It may now be possible for landlords to recover CRC costs under the tenant’s outgoings covenant in a lease with no specific reference to CRC. It will depend on the precise wording of the particular covenant.
The CRC Energy Efficiency Scheme is an emissions trading scheme under which organisations whose energy use exceeds a certain level are required to buy allowances in respect of carbon emissions from their properties. The scheme was intended to be revenue neutral for the Government because the money received was to be returned to scheme participants in proportion to their success in reducing carbon emissions (known as “recycling payments”). However the Government has now scrapped recycling payments prompting suggestions that the scheme is now akin to a tax, so that where leases do not contain specific provisions requiring the tenant to contribute towards the landlord’s CRC costs, those costs could be recovered under the usual tenant’s covenant to pay taxes and other outgoings.
Whether CRC costs are recoverable in that way will depend on the exact wording of the particular outgoings covenant.
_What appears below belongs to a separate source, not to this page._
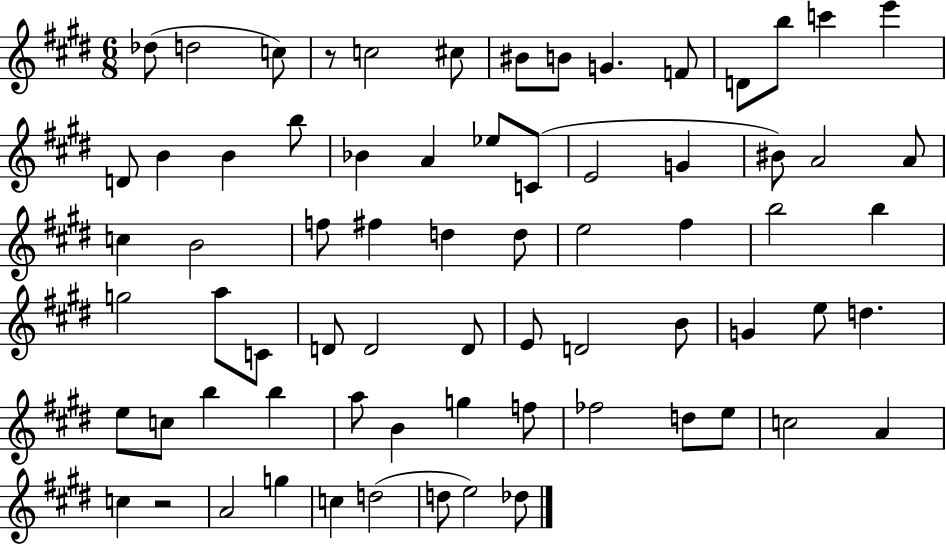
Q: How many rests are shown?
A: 2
However, in general terms, the actual cost of buying CRC allowances might be recoverable in some cases but the administrative costs associated with scheme compliance could probably not be included.
Factors which make the recovery of CRC costs under the outgoings covenant less likely include the following.
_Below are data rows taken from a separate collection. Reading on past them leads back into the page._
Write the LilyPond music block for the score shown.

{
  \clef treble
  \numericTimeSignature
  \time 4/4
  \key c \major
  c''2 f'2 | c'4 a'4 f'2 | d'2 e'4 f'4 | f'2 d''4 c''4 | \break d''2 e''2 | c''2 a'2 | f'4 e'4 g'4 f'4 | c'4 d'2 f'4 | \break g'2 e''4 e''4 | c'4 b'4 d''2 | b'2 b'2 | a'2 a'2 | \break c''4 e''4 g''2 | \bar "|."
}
- Covenant limited to rates and taxes. It is doubtful whether CRC costs can properly be classed a tax because the payment is the price for the purchase of an allowance and because if allowances are bought on the secondary market the cost will not be paid directly to the Government. Even if the payment is not a tax it is nevertheless likely to qualify as an “outgoing”. However, sometimes the way the outgoings clause is drafted will mean that it will only apply to outgoings which are in the nature of a tax, so in those cases CRC costs will probably not fall within the clause.
- Future outgoings not referred to. If the lease was granted before the scheme came into force in April 2010, the outgoings covenant will not cover CRC costs unless it specifically includes both existing and future items. However, most outgoings covenants do include those words.
- Specific link to the premises required. It may not be possible to show that the costs relate to the property because CRC is administered by reference to organisations, rather than particular buildings. Nevertheless, a reasonably strong argument could probably be made out to link the costs to the premises; this will be easier where the scheme participant owns only one building.
- Costs must be incurred by the landlord. Where the landlord is part of a group, CRC costs incurred by a parent company will not be recoverable under a covenant which relates only to costs incurred by the landlord. It may perhaps be possible to overcome this difficulty by the landlord undertaking an obligation to repay to the parent the proportion of costs attributable to the building.
- Ambiguity resolved in landlord’s favour. It is a general rule that if the meaning of a clause is in doubt it should be construed against the interests of the party who drafted the document, which is usually the landlord.
The issue is unlikely to be settled until it is tested in court. In the meantime new leases are increasingly likely to contain specific provisions either requiring tenants to contribute towards CRC costs or expressly excluding such a requirement, depending on the parties’ negotiating strengths.